Terror attacks in India
When thinking you’re right makes you wrong
As I write this, police, hotel staff and and various specialists are combing through the wreckage of the Taj Mahal Palace Hotel in Mumbai looking for casualties, evidence, survivors and possibly terrorists in hiding. There have been so many shocking images coming out of Mumbai over the last three days. Bloodied bodies. Flames and smoke billowing from an historic and important landmark. Survivors climbing down drain pipes. Paratroopers repelling down ropes onto the roof of Nariman House. I found the most chilling image to be that of a smiling young gunman, toting an AK-47, as he goes on his murderous rampage. His smile seems so out of place, so remorseless, so certain. It’s the terrorists’ certainty that scares me, more than anything else. That certainty springs from a mindset deeply rooted in the dualistic notion of right and wrong.
Dualistic thinking can lead you to think that you’re right, and the other guy is wrong. Period. Anything your mind can conceive, you can believe. You can believe it’s okay to open fire on civilians, strangers, as they are eating in a restaurant. It can lead you to think it’s okay to fly airplanes into skyscrapers. To plant bombs in markets and amusement parks.
Someone once said George W. Bush would rather be certain than right. His certainty, especially about the Iraq War, is just as chilling.
But religious certainty seems to be the most deadly. Looking back over world history, untold numbers of people have died in wars, holocausts, inquisitions, crusades — all in the name of certainty. My god is the only god.
I have been very lucky and very privileged in my life to be exposed to ideas, philosophies and practices that teach a non-dualistic approach to truth that is based in felt experience. I breathe in, I can feel my breath in my body, sense my heart beat, feel that I am alive.
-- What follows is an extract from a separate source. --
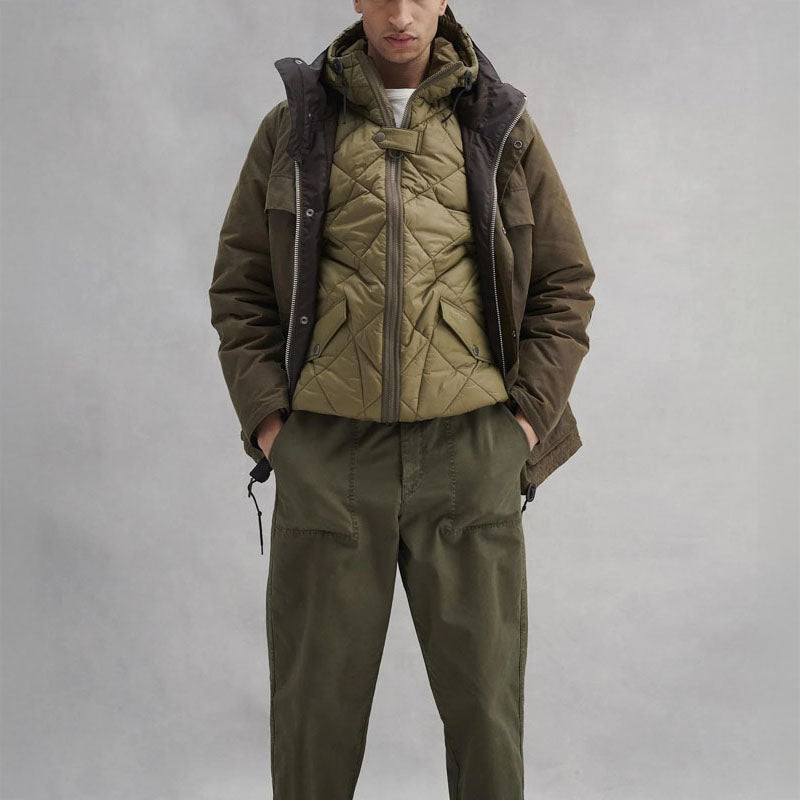 Buy BARBOUR Durham Re-engineered Wax Jacket in Beech | Collen & Clare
I can hear the chatter of my busy mind — and gain some distance from it. (Interestingly, in light of the Mumbai carnage, most of these beautiful ideas originate in India, dating back to the time of the ancient masters.)
The human mind is a marvel. It is very creative and can think up incredible ideas, like open-heart surgery and central heating and penicillin and yoga and vitamin-fortified milk. But it can also think up religions and political systems and convince people that theirs is the right one. The only one.
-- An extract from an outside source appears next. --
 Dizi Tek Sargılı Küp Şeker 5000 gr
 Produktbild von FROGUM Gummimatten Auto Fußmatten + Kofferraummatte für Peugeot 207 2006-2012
Talking about god and spirituality in the western media is basically a taboo — and partly because of a recognition that religious psychology tends to be so dogmatic and rigid. But I think that espousing and teaching a non-dualistic spirituality that helps put people in touch with their own divinity and engenders a deeply rooted respect for the divinity of ALL living creatures can help counter the certainty mindset.
For myself, I would rather be alive than certain.